REPUBLIKA.CO.ID, JAKARTA -- Peraturan Nomor 56/Permen-KP/2014 tentang Penghentian Sementara (Moratorium) Perizinan Usaha Perikanan Tangkap di Wilayah Pengelolaan Perikanan Indonesia yang ditandatangani Menteri Susi Pudjiastuti berlaku mulai 3 November 2014 hingga 31 Oktober 2015. Peraturan tersebut menyatakan, moratorium berlaku untuk kapal yang pembuatannya dilakukan di luar negeri dengan kapasitas diatas 30 gross tonnage (GT).
Aturan tersebut diperketat dengan pelarangan transshipment yang diberlakukan pemerintah melalui Peraturan Menteri Kelautan dan Perikanan Nomor 57/Permen-KP/2014. Direktur Eksekutif Indonesia Maritime Institute (IMI),Yulian Paonganan menyatakan, pelarangan tersebut berimbas pada aktivitas kapal-kapal tangkap milik para pengusaha nasional.
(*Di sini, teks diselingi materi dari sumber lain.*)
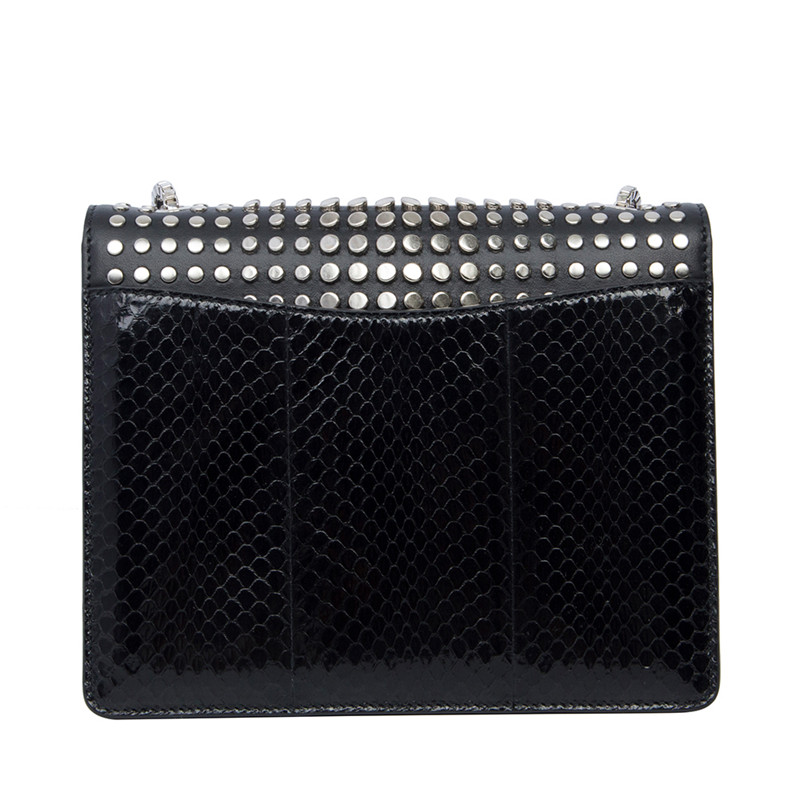 Salvatore Ferragamo 菲拉格慕 女士黑色单肩包 21-H070-1691047商品第4张图片规格展示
"Harusnya Menteri Susi jangan pukul rata. Regulasi itu tidak sinergis dengan kementerian teknis lainnya untuk mengatasi dampak dari pemberlakukan moratorium," kata Ongen, sapaan akrabnya, di Jakarta, Jumat (3/9). "Kapal di Indonesia banyak dan alat tangkapnya juga banyak, namun tidak bisa disamaratakan begitu saja, karena fleet 30 GT itu hanya 3,7 persen yang terdaftar. Apa masih relevan moratorium tersebut?"
Menurut dia, akibat moratorium pengusaha nasional banyak yang melakukan pemutusan hubungan kerja (PHK). Ongen berpendapat, sasaran penerbitan moratorium tersebut tidak jelas dan sumir. Dia pun mempertanyakan kepentingan di balik itu.
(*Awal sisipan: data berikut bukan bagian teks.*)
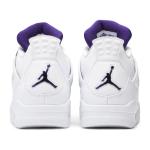 Air Jordan 4 Retro Purple Metallic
"Seperti gelap mata dalam membuat moratorium tersebut. Jika moratorium itu efektif, berapa PNBP yang sudah dihasilkan kementeriannya di tahun ini. Apakah sudah sesuai target? Atau makin menurun dari tahun sebelumnya," ujar Ongen.
Seharusnya, kata dia, Menteri Susi berkomunikasi dengan pengusaha nasional, nelayan lokal, persiapan fasilitas penangkapan dan regulasi. Sayangnya, ia menilai, persiapkan itu dilakukan Susi.
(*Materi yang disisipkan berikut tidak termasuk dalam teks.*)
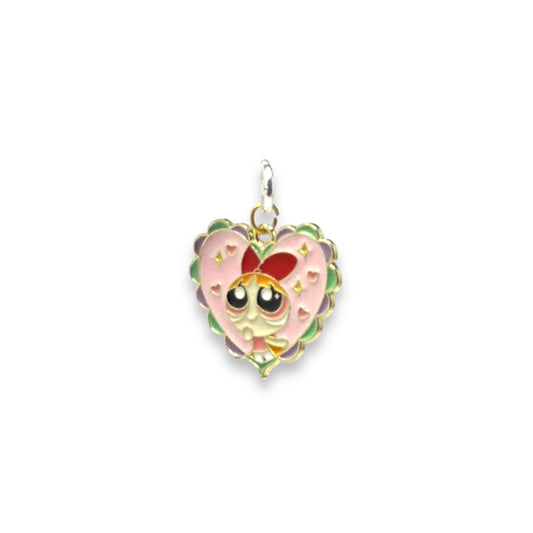 Powerpuff Girlie- Dust Plug Charm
"Ego sektoral atas penerbitan moratorium ini sangat jelas. Apakah ikan-ikan hasil tangkapan nelayan saat ini masih laku di luar negeri? Patut digarisbawahi, imbas moratorium ini sangat besar. Begitu juga ketentuan wilayah operasional nelayan tradisional yang hanya 12 mil juga membuat nelayan menangkap ikan saat ini relatif berkurang," tuturnya.